++++ Given material

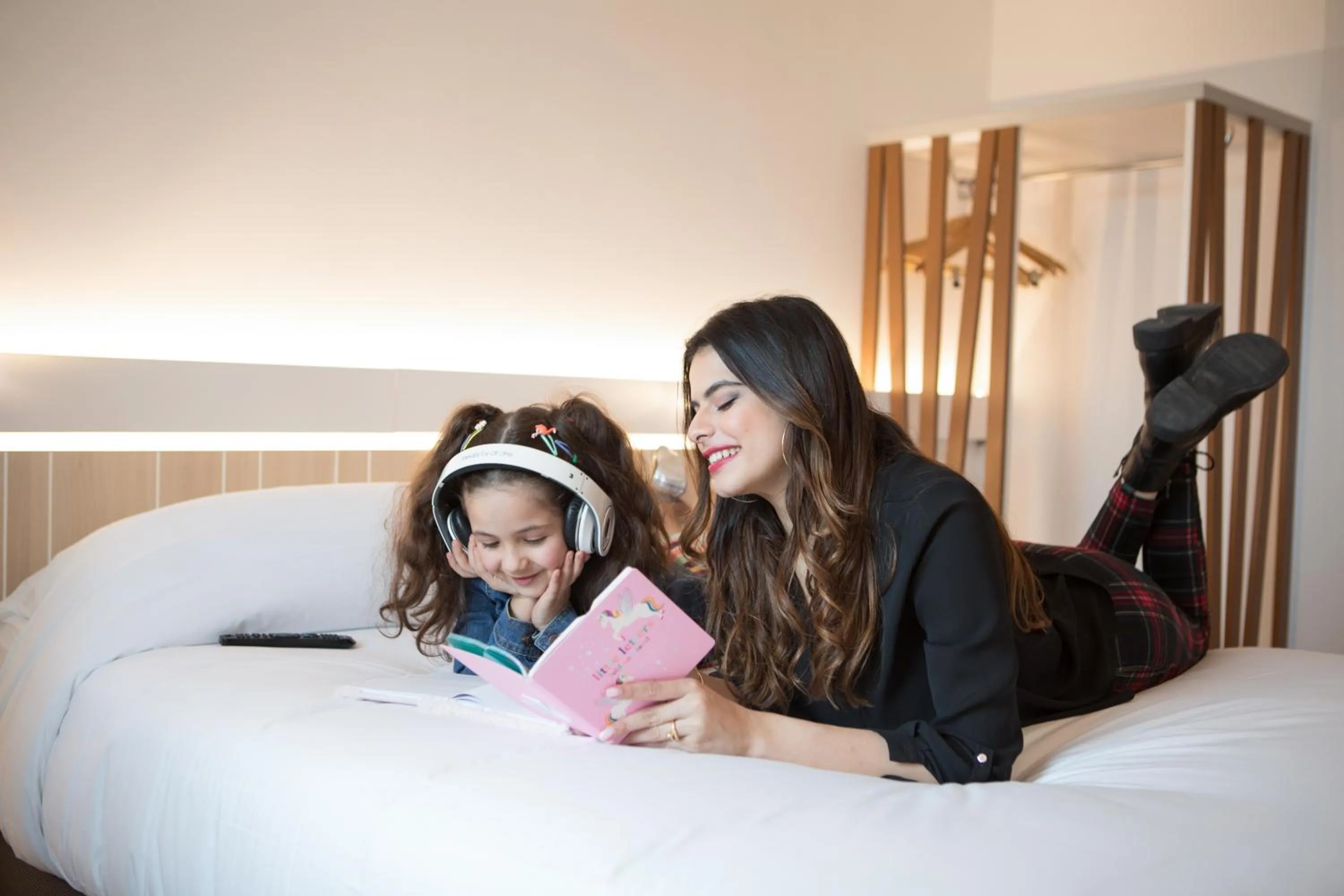 Bedroom, Bed in Ibis Abdelmoumen Casa Centre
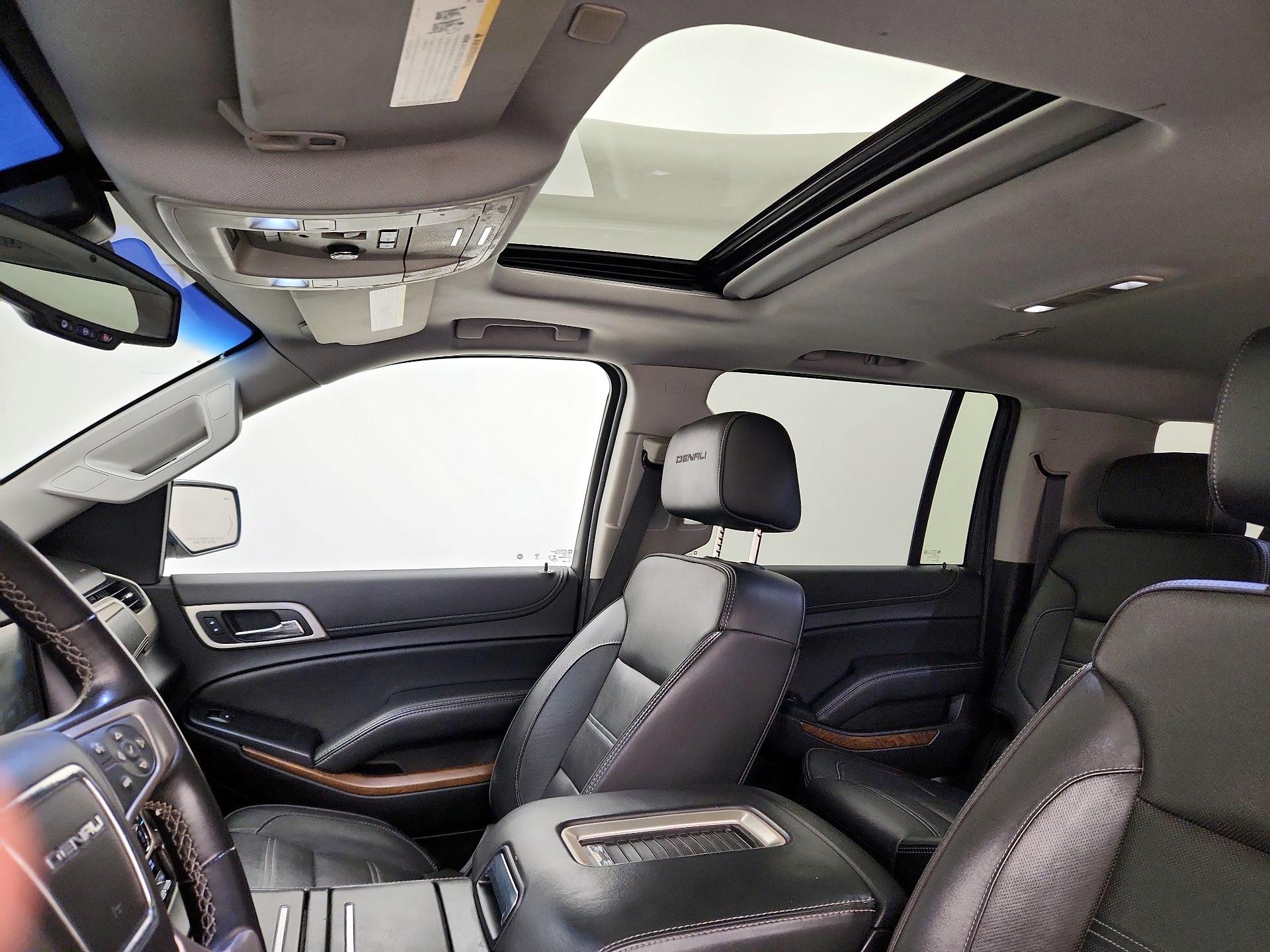 Thumbnail: 2020 GMC Yukon XL - 19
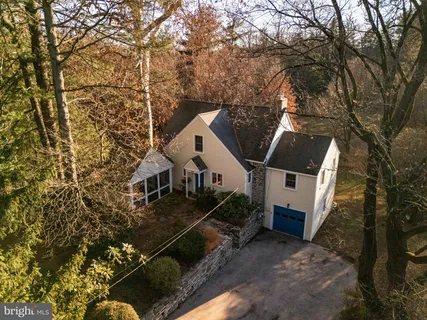 $749,900 | 206 South Swarthmore Avenue, Swarthmore, PA 19081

++++++++

Work instruction: All that is needed here is the run of lines from the one containing "Thumbnail: 2020 GMC Yukon XL - 19" through the end of the material above, reproduced exactly and without pictures.

Your solution:
 Thumbnail: 2020 GMC Yukon XL - 19
 $749,900 | 206 South Swarthmore Avenue, Swarthmore, PA 19081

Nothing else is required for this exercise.